(Listed entries begins)

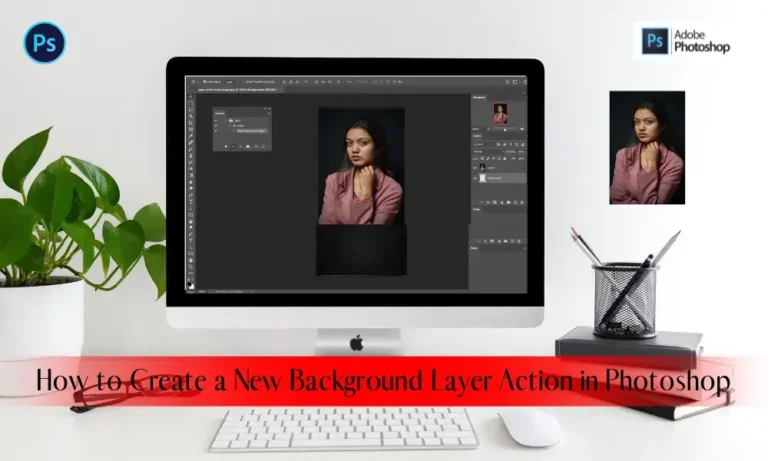 how to create a new background layer action in photoshop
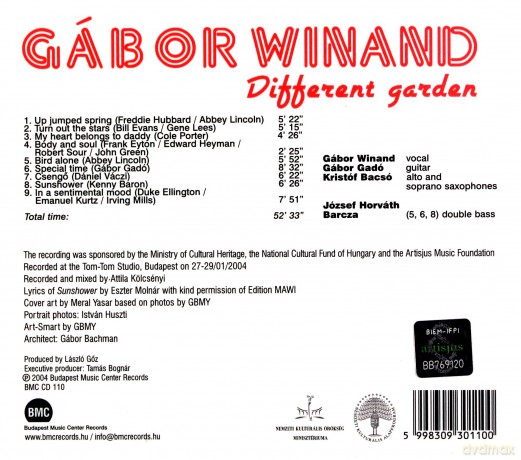 Gabor Winand: Different garden [CD]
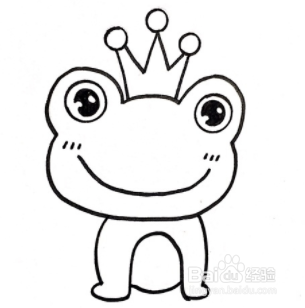 怎么画QQ红包青蛙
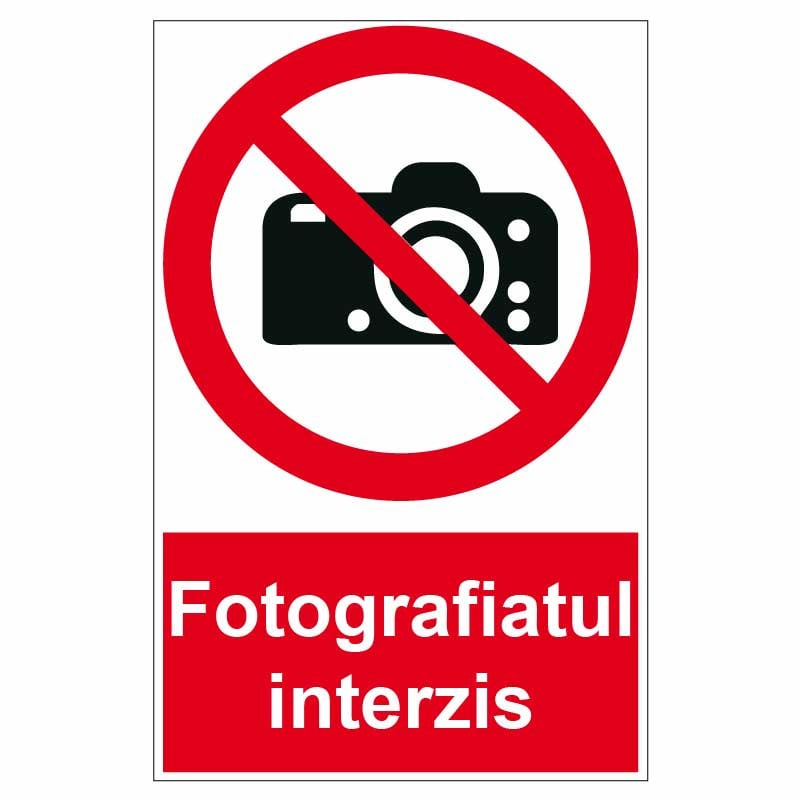 Sticker indicator Fotografiatul interzis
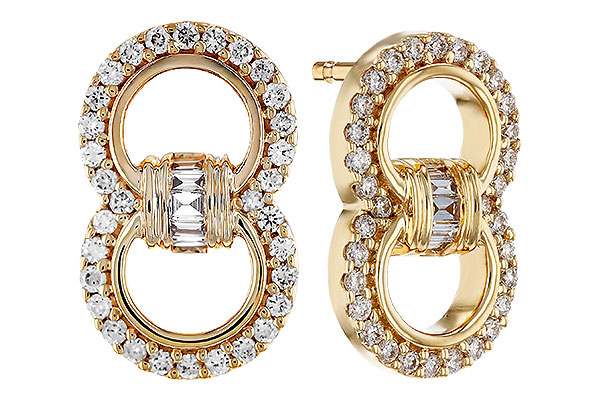 G321-64454: EARRINGS .05 TW BAGS .28 TW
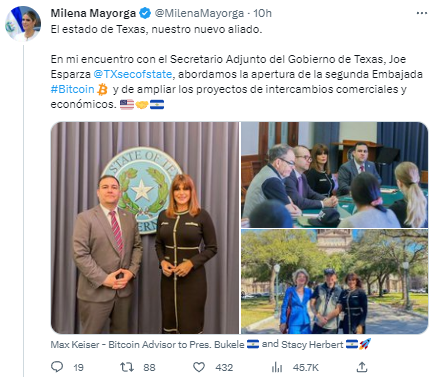 薩爾瓦多計劃在美國德克薩斯州開設比特幣大使館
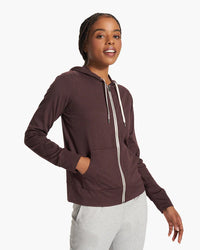 Vuori XS Halo Performance Hoodie - Mahogany Heather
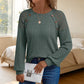 📢🎉50%Rabatt!!!🛍️✨Legeres geripptes Langarmshirt für Damen
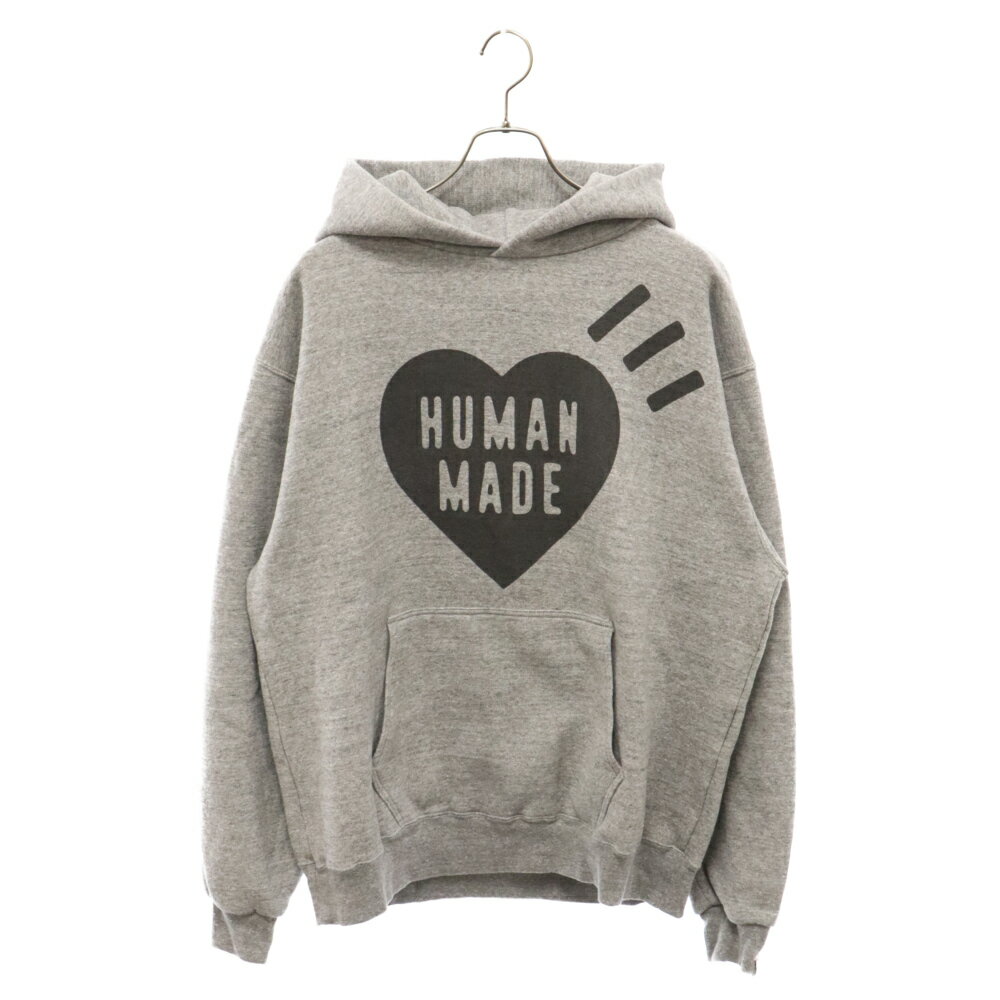 HUMAN MADE(ヒューマンメイド)HEART HOODED SWEATSHIRT ハートロゴプルオーバーフーディー パーカー グレー ブランド HUMAN MADE 品名 HEART HOODED SWEATSHIRT ハートロゴプル...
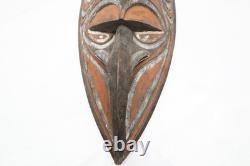 Vintage Papua New Guinea Sepik River Wood Mask Shield Hand Carved Art 17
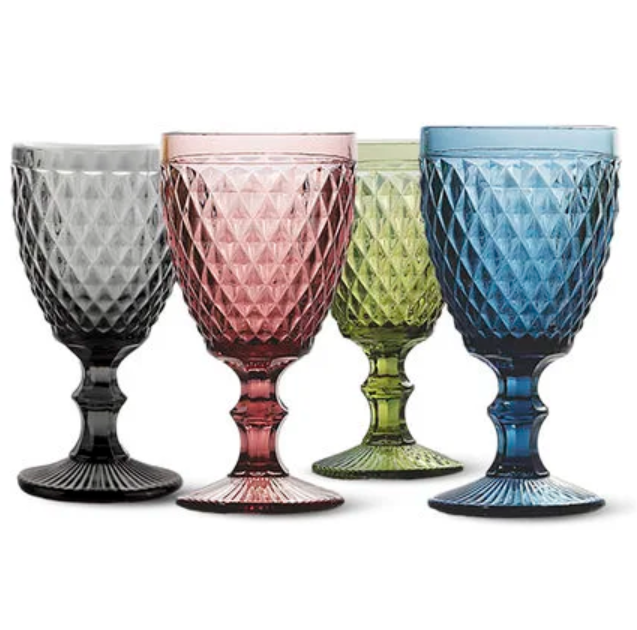 Set 4 Copas Vidrio Color Tipo Murano-0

(Listed entries ends)

■ **What the exercise asks**
Exactly the lines from the one with "Vuori XS Halo" to the last line of the listing are wanted, both ends included and pictures excluded.

■ **Your solution**
 Vuori XS Halo Performance Hoodie - Mahogany Heather
 📢🎉50%Rabatt!!!🛍️✨Legeres geripptes Langarmshirt für Damen
 HUMAN MADE(ヒューマンメイド)HEART HOODED SWEATSHIRT ハートロゴプルオーバーフーディー パーカー グレー ブランド HUMAN MADE 品名 HEART HOODED SWEATSHIRT ハートロゴプル...
 Vintage Papua New Guinea Sepik River Wood Mask Shield Hand Carved Art 17
 Set 4 Copas Vidrio Color Tipo Murano-0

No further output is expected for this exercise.